Zeroing the Sensor
In some situations you may want to zero the Force Plate, because changing the physical orientation of the sensor will change the reading when no force is applied. After you have set up your experiment, use your data-collection software to zero the sensor. Also, in the case of experiments involving large impact forces, you may need to zero the reading after one impact has taken place.
The Two Switch Settings – Resolution and Range
As with any instrument, there is a trade-off between resolution (the smallest force that can be measured) and the range of forces that can be measured. In general, you should use the 850 N range if you can. If the forces exceed 850 N, you will need to use the 3500 N range. In normal use, the resolution with the different switch settings when used with a LabPro or LabQuest will be 1.2 N for the –1000/+3500 N range and 0.3 N for the –200/+850 N range.
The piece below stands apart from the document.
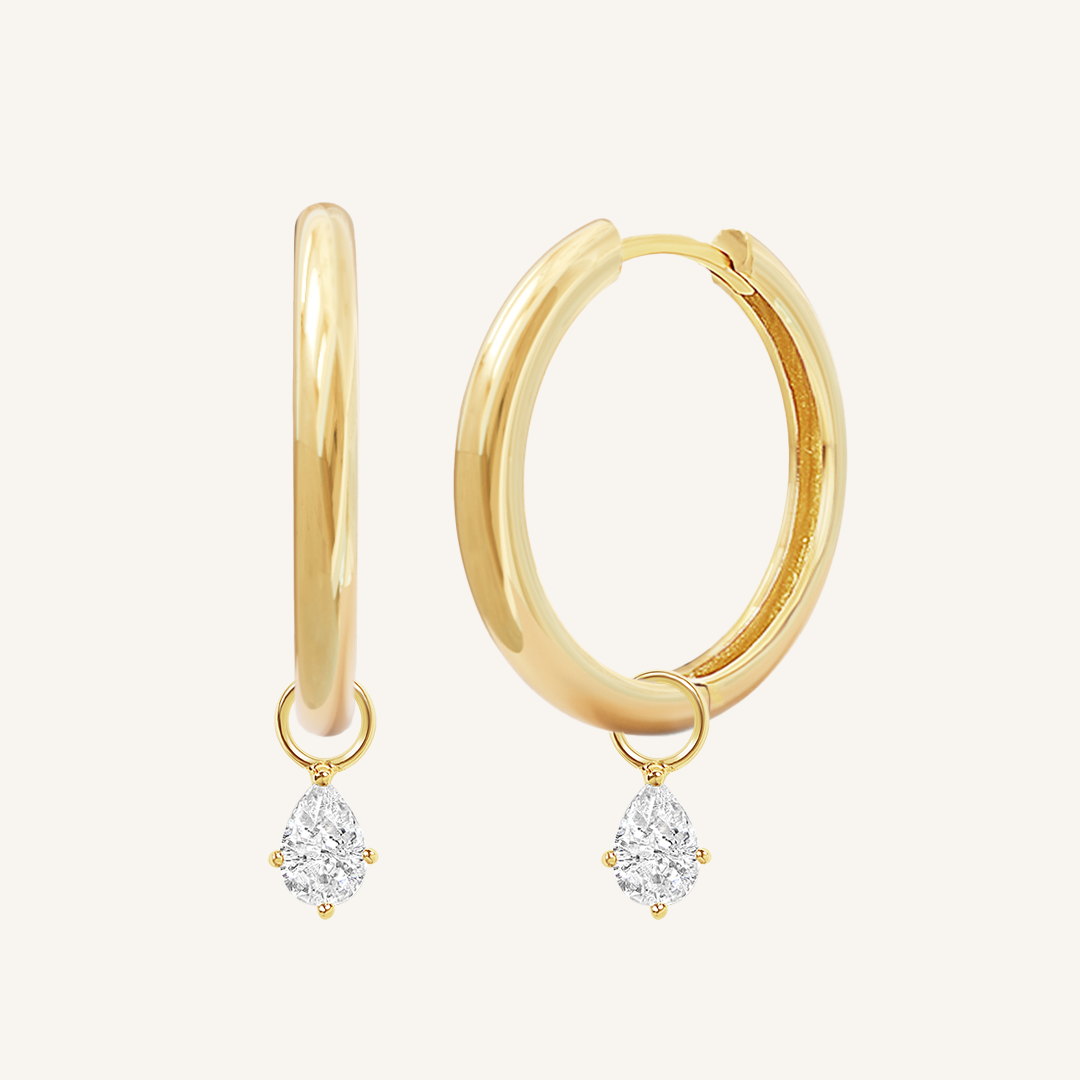 Axial Plain Hoops - Simple & Elegant Hoop Earrings for Women, 14K Gold Plated, Hypoallergenic | Perfect for Everyday Wear, Office, Parties & Special Occasions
The Handles – Pushes and Pulls
The Force Plate includes two handles and four screws. You can attach the handles to either the top or bottom of the plate. Do not step on the Force Plate when the handles are attached. Threaded holes for the handles are available on the bottom. For use on the top, you must remove four screws. We recommend attaching the handles on the bottom of the Force Plate. You may find it helpful to loosen all the screws on the bottom before attaching the handles, and then tightening after the handle screws are started.
With handles in place, you can support the unit by hand for pushing on a wall or other large object, or you can attach an optional second pair of handles for pulling experiments (order code FP-HAN). Note: the maximum force in extension is much less than the maximum force in compression.